Let me set it up briefly. This is a casino. Hedge is a betting word. Minsky uses it to describe rollover financing, but that's not what the big boys are doing. They are trading paper in hopes of getting the stuff with the biggest numbers at the end of the game. There is absolutely no roads, bridges, houses, plant, equipment, involved. It is speculation.

Second, the exposure is tremendous. You'll hear Charles Peabody talking with Tom Keene in a minute about $5 trillion of notional value on JP Morgan's book, with Morgan Stanley close behind. Not net, they say, but notional. What is the net exposure?
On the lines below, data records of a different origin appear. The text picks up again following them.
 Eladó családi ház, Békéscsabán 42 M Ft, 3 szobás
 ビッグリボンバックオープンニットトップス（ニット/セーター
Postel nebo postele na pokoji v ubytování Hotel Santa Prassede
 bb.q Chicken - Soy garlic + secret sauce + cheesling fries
They say they have bought credit protection on their positions, but what is the point of that? If everything is symmetrical, Why bother? And when we hear it is going to take months, quarters, years to unwind the trade, we get to the point. It depends on liquidity. Can you buy, sell, trade today? If you can't, here comes the rollover. And it's not rolling over.

Third, second, first, this is a casino. We're seeing why we need real investment in real stuff. Rail, electrical grids, schools, climate change mitigation, infrastructure. That will produce real value, savings, improvement in capacity, a livable planet. What about bonds to retrofit buildings with efficient heating a cooling? Pays off in seven years in energy savings. Use an eighth year to pay the interest. You'd have retirees lining up around the block. I can't keep the disgust down when I hear we need the Keystone pipeline for jobs. We need to build environmentally questionable infrastructure for a doomed technology for jobs? But we don't need half a million construction workers, materials suppliers, engineers and technicians to fit us out for the real future?
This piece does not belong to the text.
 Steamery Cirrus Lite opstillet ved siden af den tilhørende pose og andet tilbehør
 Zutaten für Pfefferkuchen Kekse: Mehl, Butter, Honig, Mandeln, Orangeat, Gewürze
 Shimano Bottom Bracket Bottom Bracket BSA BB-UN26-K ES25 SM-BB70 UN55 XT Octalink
Sorry. That's not today. Today is JP Morgan. Too much money. Looking for risk, not value. Thank you, Ben Bernanke. Finding it in the demise of the Eurozone.
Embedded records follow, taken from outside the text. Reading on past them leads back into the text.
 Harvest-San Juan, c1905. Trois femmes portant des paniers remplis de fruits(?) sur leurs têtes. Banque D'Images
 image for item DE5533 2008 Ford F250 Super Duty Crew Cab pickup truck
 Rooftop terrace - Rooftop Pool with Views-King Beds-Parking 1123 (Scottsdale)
It's not even a bet. Or at least it's not even a question. The madness of austerity in order to pay off the banks for their previous bad bets is not going to work. It has never worked. The IMF has imposed the Washington Consensus across the globe. Where is the example of success? You can't shrink your way to growth. You can't kill the host or the parasite will die too.

I listen to a lot of Bloomberg. That's where I lifted today's audio. Every other economist is talking about how Europe needs to take the pain. These guys are from the banks, and they're getting desperate. Europe needs to take the pain because the banks are so shaky, they can't take even a token write-down.

But how can you tell the Greeks, whose standard of living is cut in half and its debt problems actually growing that austerity works? They've watched it on the ground for three years. Or the Spanish. Or the Irish.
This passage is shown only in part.